To co dają krowy nie ma w dzisiejszych czasach żadnego znaczenia, bo po obróbce to co trafia do sprzedaży jest przeważnie zubożone o jedne składniki a sztucznie wzbogacone o inne.
Mleko dla baristów różni się właśnie zawartością białka. Typowe UHT, bez większego znaczenia jaką ma zawartość tłuszczu, ma białka w okolicach 3-3,2%.
Mlekowita w swoim produkcie pn. Mleko Kuchmistrza chwali się o 10% większą zawartością białka, na poziomie ... 3,3%. Tyle to ma Łaciate UHT 0,5%.
Chyba liderem na polskim rynku jest spotykana w Makro RIOBA "dla baristów" o zawartości 3,8% białka.
Włoskie normy INEI wskazują na świeże mleko z minimalną zawartość białka na poziomie 3,2%, a tłuszczu 3,5%.
http://www.espressoitaliano.org/files/File/istituzionale_inei_hq_en.pdfWhat kind of milk shall be used?
The experiments carried out by the Italian Espresso National Institute produce clear evidence that the milk used for Certified Italian Cappuccino shall be fresh cow milk and have 3.2% minimum protein content and 3.5 % minimum fats. This is the only kind of milk that can guarantee a high quality sensory profile.
Sam używam tylko lidlowego Pilosa 3,2% Świeżego czyli z lodówki.
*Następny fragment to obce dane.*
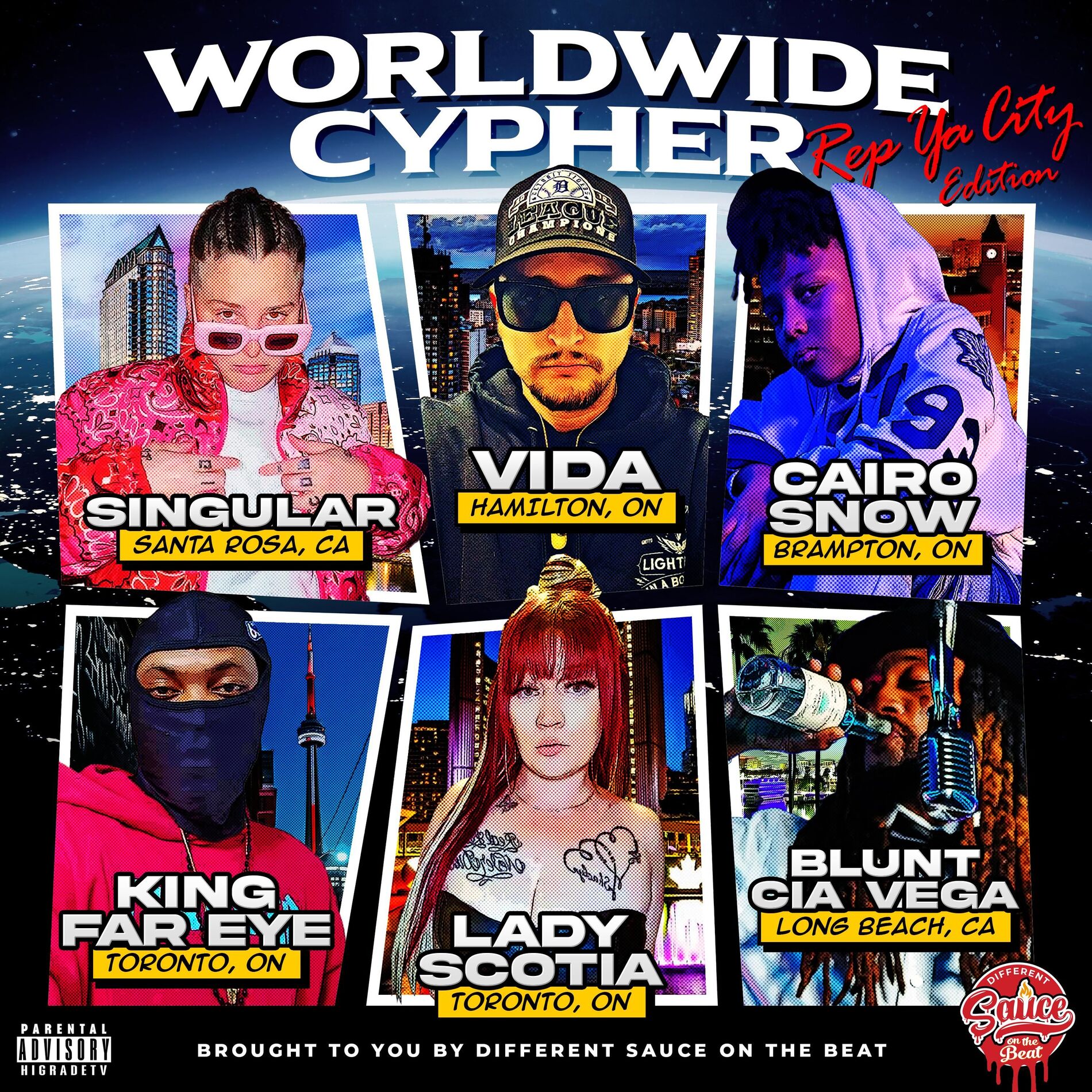 Album cover of Worldwide Cypher : Rep Ya City Edition (feat. Singular, Cairo Snow, Vida, King Far Eye & Blunt Cia Vega)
Smak i efekty spieniania bardzo mi pasują. Z tego co czytałem na opakowaniu, to przynajmniej jeszcze w zeszłym roku produkował to Łowicz.
Na rynku jest jeszcze jeden ciekawy produkt pod kątem cappu - Łaciate Junior, tłuszczu 3,8%, białka 3,2%. Ma jedną wadę jak dla mnie, jest UHT.